Un « nous » populaire définitivement défait ?
Pour Olivier Schwartz, la culture ouvrière traditionnelle est présentée comme celle où « l’individu s’inscrit pleinement dans son groupe », autrement dit où le « je » est inscrit dans le « nous ». Si son maître-ouvrage Le monde privé des ouvriers (PUF, 1991) avait tendance à s’inscrire dans cette conception, il reconnaît lui aussi la possibilité d’écarts au groupe, notamment par les loisirs (il travaille l’exemple de la colombophilie des ouvriers du Nord, avec à la fois une dimension collective, et un aspect solitaire de « réparation de soi » après une journée épuisante). Il note néanmoins que la différence de la culture ouvrière classique avec les cultures populaires actuelles est que la pratique centrifuge ne se revendiquait pas, le « nous » restait la valeur centrale. C’est ce « nous » ancien qui s’est défait, même si des formes antérieures d’individuation avaient pu cohabiter avec lui.
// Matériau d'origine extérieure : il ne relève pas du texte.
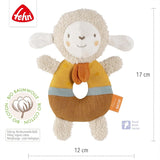 Fehn Baby Greifling Schaf Spielzeug fehnNATUR – Plüschtier mit Bio-Baumwolle – Babyspielzeug mit Glöckchen und spielerischem Lernspielzeug – Greifling für Babys und Kleinkinder ab 0+ Monaten Babyspielzeug Naty Shop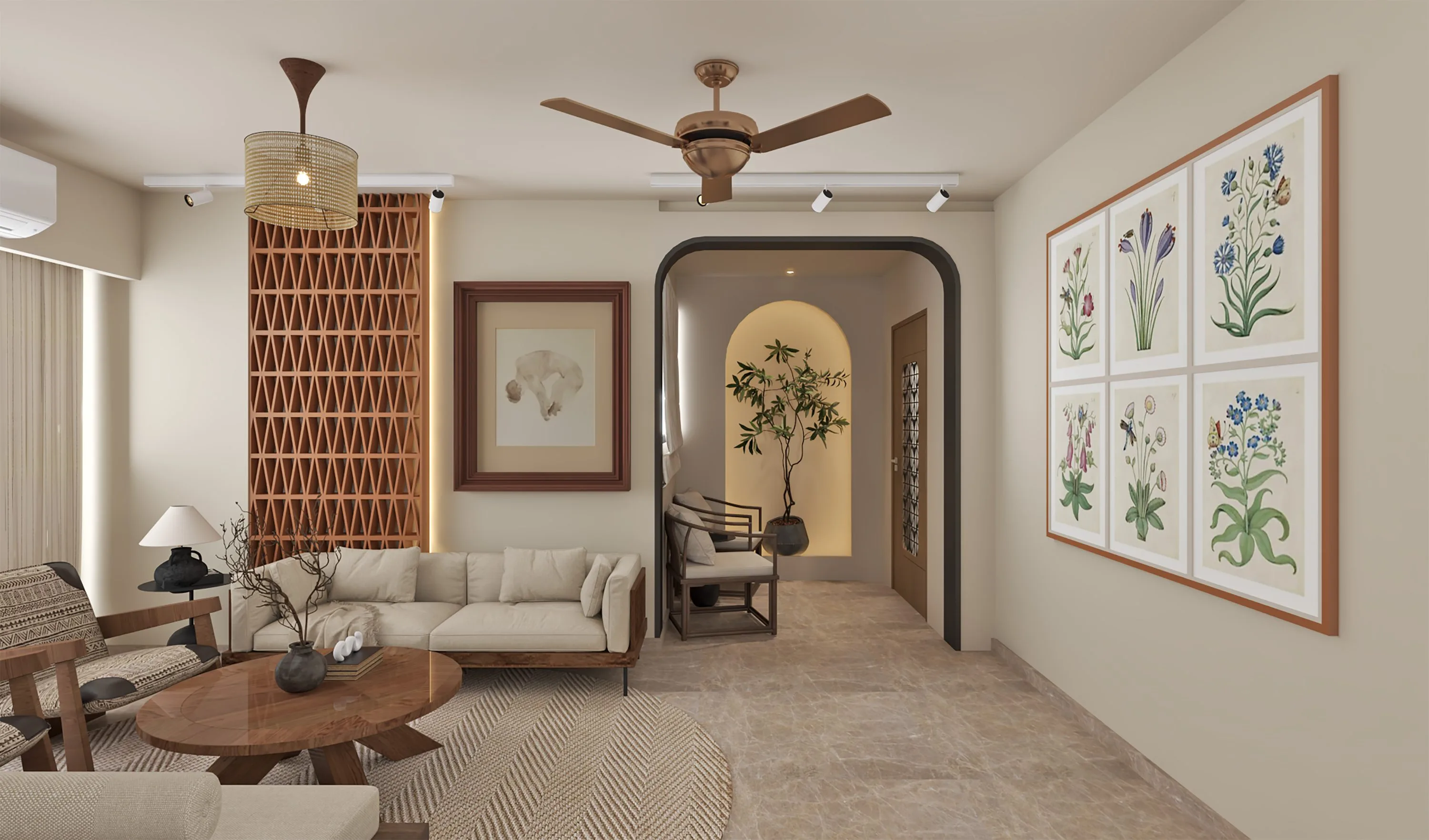 Living room looking toward an arched passage, with botanical prints above a slim console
« Cet “entre-soi” populaire traduit le maintien d’une revendication de reconnaissance, et le mouvement des gilets jaunes est la manifestation concrète d’un désir politique collectif, toujours puissant au sein des classes populaires. »

Un « nous » ancien qui a pu exclure : Gérard Noiriel revient sur les « hommes de fer » de Longwy, et rappelle que le « nous » ouvrier local, constitué progressivement face au « nous » proposé par les patrons, a pu largement tenir à l’écart les immigrés d’Afrique du Nord.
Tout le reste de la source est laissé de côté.